Petite anecdote : mon année irlandaise était pleine de tempêtes. En novembre, le pays a été balayé par des vents glaciaux venus de Russie : la tempête Ophelia. Nous étions confinés chez nous par décret national, écoles et magasins fermés !  Le lendemain, l'exploitation Bullmers de Clonmel a posté cette photo de ses vergers, relayée par les médias irlandais et britanniques, sans doute pour sa poéticité ! 

(Image: Photo: Johnathan Ryan Tipperaryphotos.com

4. L'INSOLENTE GAITE : BLONDE LAGER DE DUBLIN

Pour moi, Dublin reste associée à des soirs de fête, où on se retrouvait entre assistants pour aller danser de pub en pub.
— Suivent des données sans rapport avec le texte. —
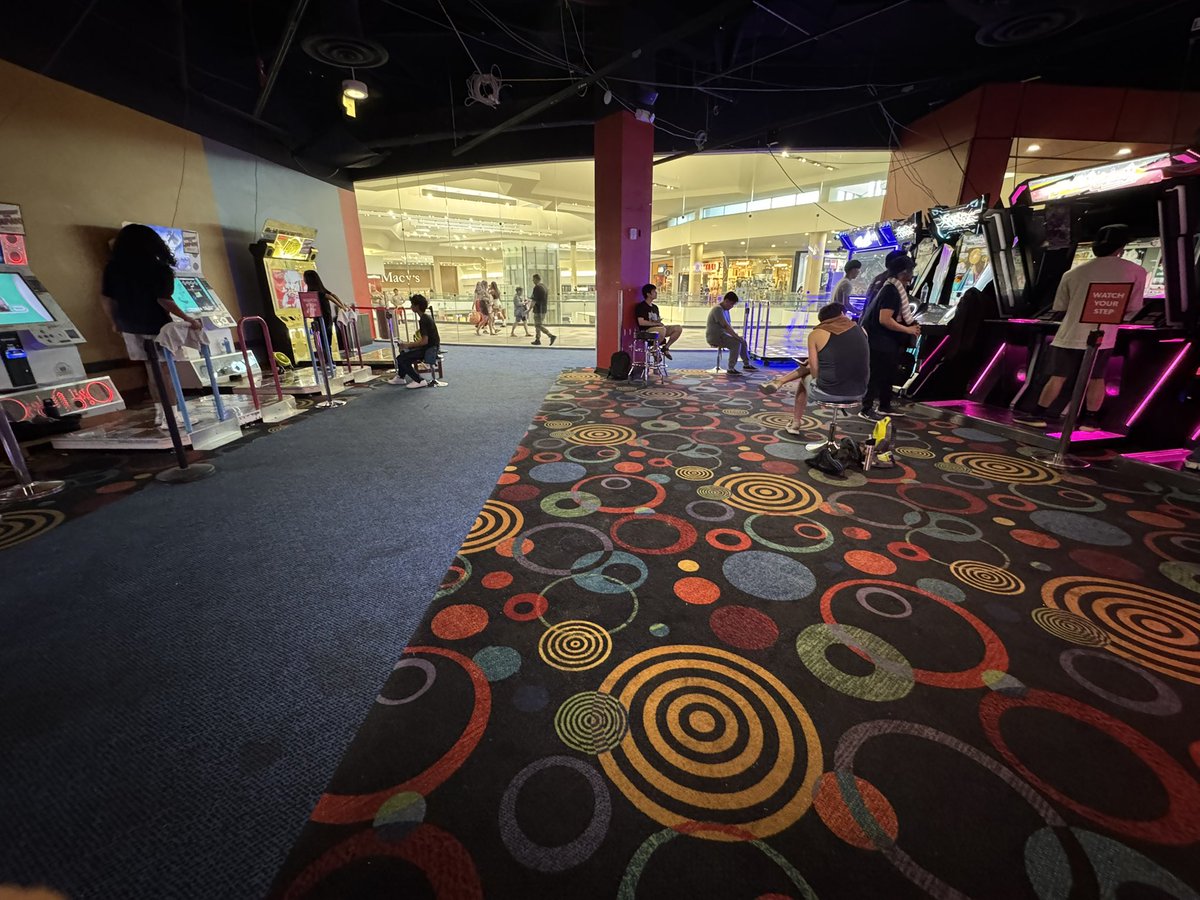 ace_series's tweet image. REMINDER FOR COMPETITORS

- Bring your water bottles filled with water
- Check your start time on your start.gg dashboard
- Show up 15 minutes early to check in and get your wristband for each day
- charge any fan batteries if you have one

We’ll see you tomorrow!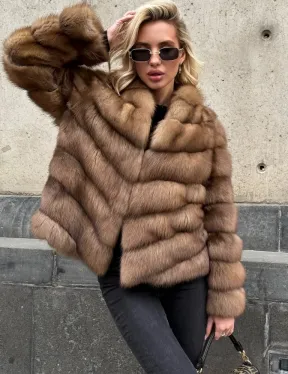 Полушубок из куницы с V-образным воротником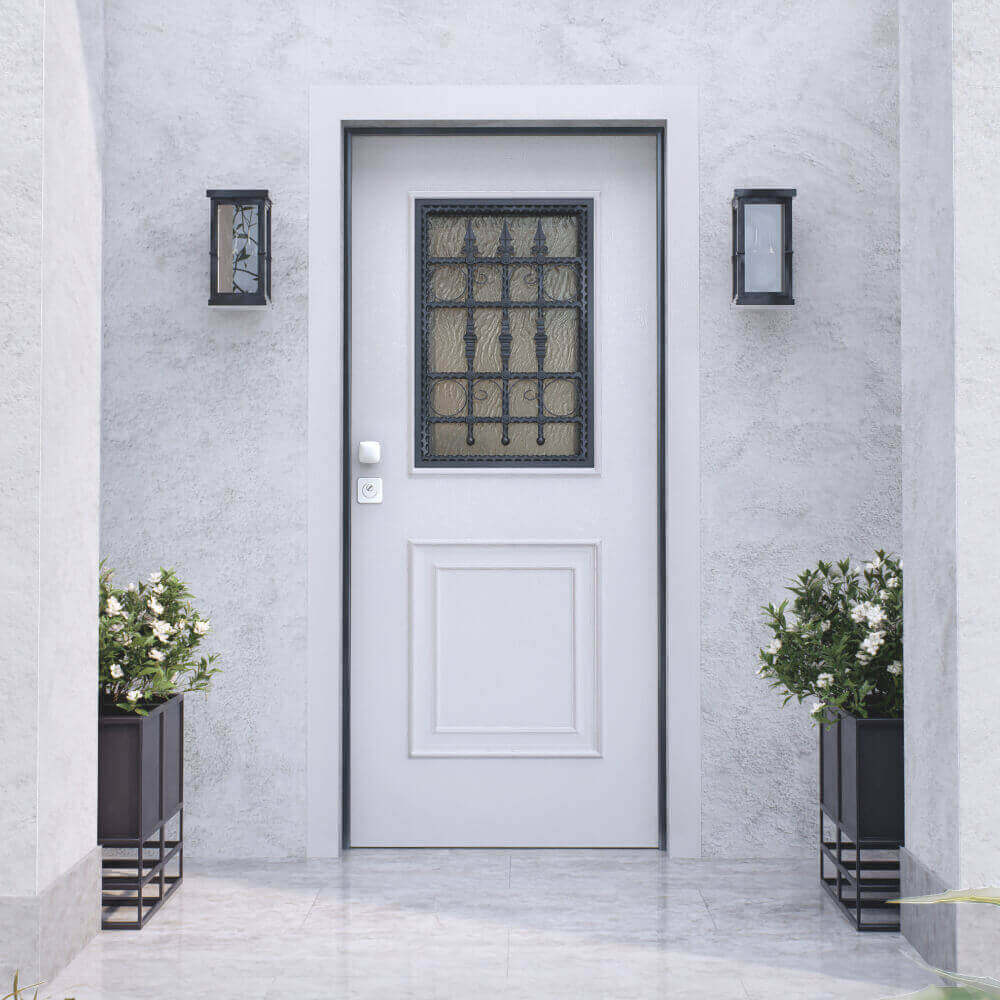 Porta blindata modello Montichiari con vetro antisfondamento - installata
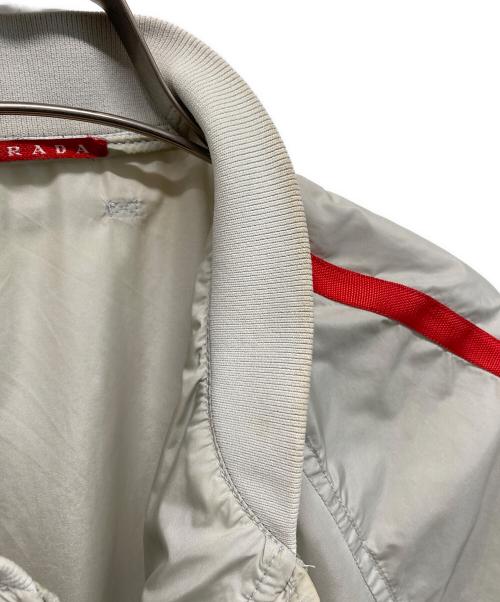 PRADA SPORTS（プラダスポーツ）PRADA SPORTS (プラダスポーツ) 00’Sナイロンジャケット　サイドロゴ ベージュ×レッド サイズ:Lの古着・服飾アイテム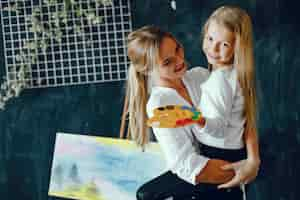 Free photo beautiful mom and daughter are drawing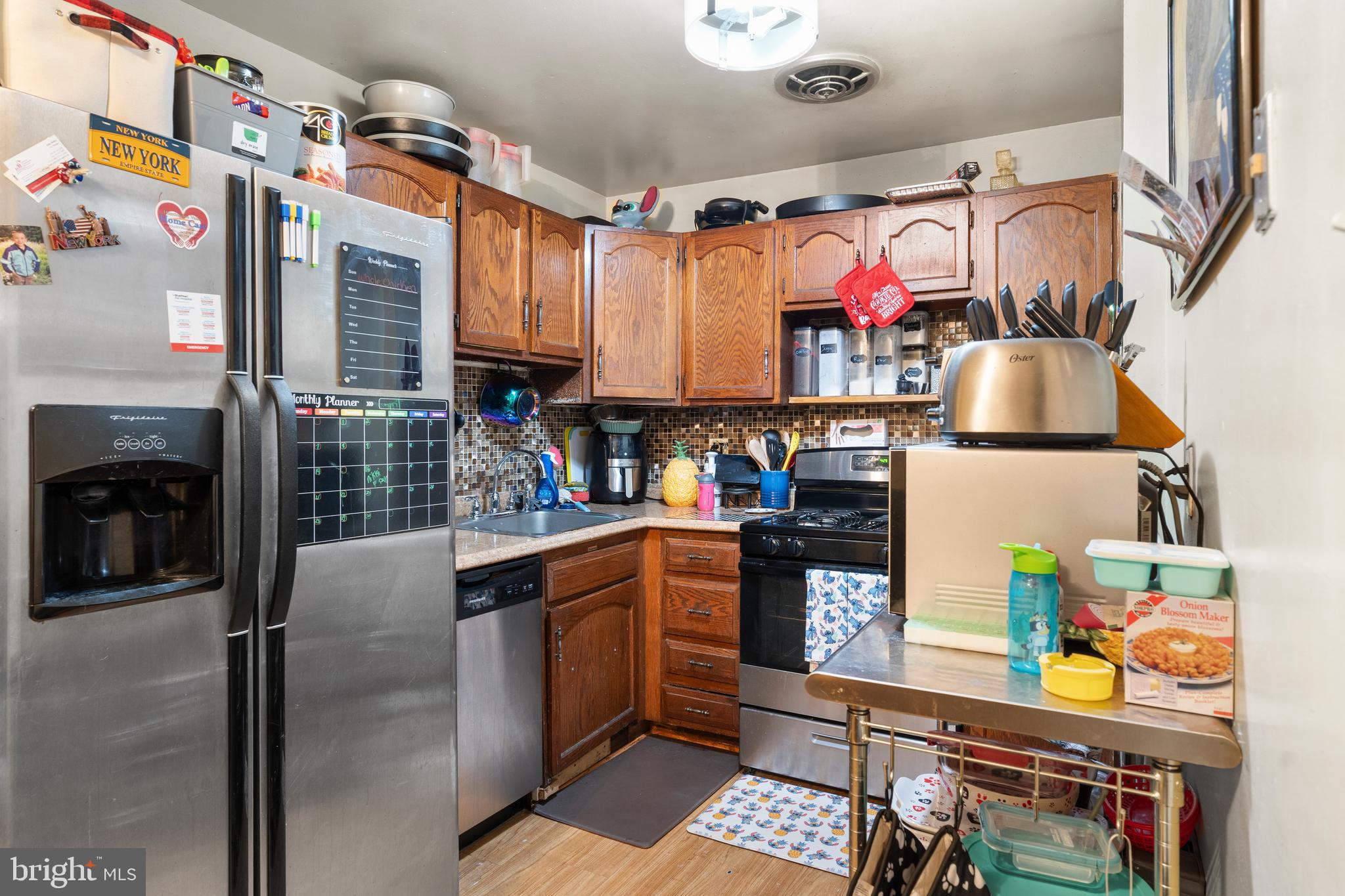 2833 Saxton Road Philadelphia, PA 19114 - Photo 7 of 38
C'est seulement à Dublin que j'ai pu découvrir la Dublin blonde, une bière pincée, mais très sucrée, qui ne reste pas sur l'estomac. Dans ses bulles, je revois claquer les pas de danse irlandaise et sautiller les notes d'un groupe endiablé ! Pour l'anecdote, je l'ai découverte dans un pub un peu chic, qui était une église réaménagée. On pouvait difficilement faire plus subversif que de se retrouver verre en main dans un confessionnal !

 

5. LE GOUT DE L'AVENTURE : LA MURPHY'S DE CORK

Bien qu'aimant difficilement les bières brunes (je n'apprécie pas leur goût et encore moins les lampées musclées qu'on doit déployer pour dissiper leur lourdeur), la Murphy's faisait exception. Sans doute parce que son amertume au fond du verre se confondait avec celle de quitter Cork, dont elle est originaire, que j'aimais tant. J'y ai passé de nombreux weekends ;  je ne parvenais pas à me défaire de cette ville tapageuse et exaltante. Elle a été le point de départ de nombreuses de mes explorations en randonnées de l'ouest Irlandais ; ses pubs, les veilles d'aventures, sources du courage. J'y associe aussi mes nuits au Oliver Plunkett, haut lieu de la vie musicale de Cork, dont l'excentricité ne m'a jamais lassée.